Keine Information an den Sozialarbeiter

 „Wenn nun Flüchtlinge in meiner Stadt mit der Polizei in Konflikt geraten – und das sind immerhin zehn Prozent –, erfolgt keine Information an den zuständigen Sozialarbeiter.“ Konkret kann das laut Palmer so aussehen: Mittags gerät eine Person an die Polizei, zum Beispiel wegen Versprühens von Pfefferspray. Daraufhin geht es für anderthalb Stunden auf die städtische  Wache – und  am nächsten Morgen sitzt derjenige dann einmal mehr beim zuständigen Sozialarbeiter, der dabei hilft, an Sozialgelder zu kommen. „Das heißt, die Reaktion des Staates besteht darin, eine kurze Gesichtskontrolle vorzunehmen und am nächsten Morgen wieder freundlich zu sein.“ Was soll jemand daraus lernen?

»

Ich glaube, dass das eine Art sanktionsfreier Pädagogik ist, die ganz zwangsläufig auf die schiefe Bahn führt.

«

Wissen, auf wen zu achten ist

„Ich glaube, dass das eine Art sanktionsfreier Pädagogik ist, die ganz zwangsläufig auf die schiefe Bahn führt!“ Gemeinsam mit dem städtischen Ausländeramt und der Polizei arbeite Palmer nun darauf hin, dass Sozialarbeiter künftig davon Kenntnis nehmen, damit zumindest die Möglichkeit einer Ansprache und Reaktion vorhanden ist. Und damit einhelliger wird, auf wen stärker zu achten ist. Der Grünen-Politiker sieht noch mehr Probleme – insbesondere mit Blick auf Leistungen und Umfeld der Asylbewerber. 

»

Ich stelle fest, dass es keine Belohnung für Leistung gibt und keine Bestrafung für Fehlverhalten.

«

Leistung spielt keine Rolle

„Ich stelle fest, dass es keine Belohnung für Leistung gibt und keine Bestrafung für Fehlverhalten.“ Flüchtlinge könnten dringend gesuchte Pfleger im Altenheim werden und arbeiten, sie würden trotzdem ausgewiesen. Gleiches gelte für Bäckerlehrlinge, die um drei Uhr morgens aufstehen. „Und selbst wenn der Bäckermeister sagt, dass er noch nie einen so guten Auszubildenden hatte, spielt das keine Rolle, weil es das falsche Land ist – die Ausweisung kommt!“ Man könne sich "anstrenge" und "schaffe" wie man wolle, es nütze nichts.

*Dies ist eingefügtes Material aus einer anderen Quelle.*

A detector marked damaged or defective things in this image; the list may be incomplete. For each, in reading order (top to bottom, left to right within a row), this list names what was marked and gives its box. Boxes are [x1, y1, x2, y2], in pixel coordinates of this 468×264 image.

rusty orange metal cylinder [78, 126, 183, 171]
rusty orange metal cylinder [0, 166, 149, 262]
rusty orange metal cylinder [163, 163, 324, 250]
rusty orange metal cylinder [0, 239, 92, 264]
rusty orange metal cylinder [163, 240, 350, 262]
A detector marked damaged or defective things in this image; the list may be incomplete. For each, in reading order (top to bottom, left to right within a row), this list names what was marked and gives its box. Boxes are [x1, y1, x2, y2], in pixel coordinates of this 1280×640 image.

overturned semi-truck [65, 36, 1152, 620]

Schulschwänzer und Drogen im Park

Umgekehrt sieht der Oberbürgermeister allein in seiner Stadt rund hundert junge Flüchtlinge, die eigentlich in der Schule sein müssten, aber fehlten. Eigentlich sei das Ordnungsamt für die „Zuführung“ zuständig – wenn es denn etwas davon erfährt. Viele Lehrer hätten aber durch die Abwesenheit weniger Stress und auch der Landrat hielt das Ganze offenbar nicht für so wichtig. Dabei geht es laut Palmer um viele Jugendliche, die im Stadtpark Drogen verkauften. Rechne man die Zahl hoch, könnte es in ganz Baden-Württemberg um rund 7.000 Schulpflichtige gehen, die nicht zu Schule gehen.

Markt vor dem Rathaus: Tübingens Stadtoberhauptf Boris Palmer will Asyl-Politik vor Ort aktiver gestalten.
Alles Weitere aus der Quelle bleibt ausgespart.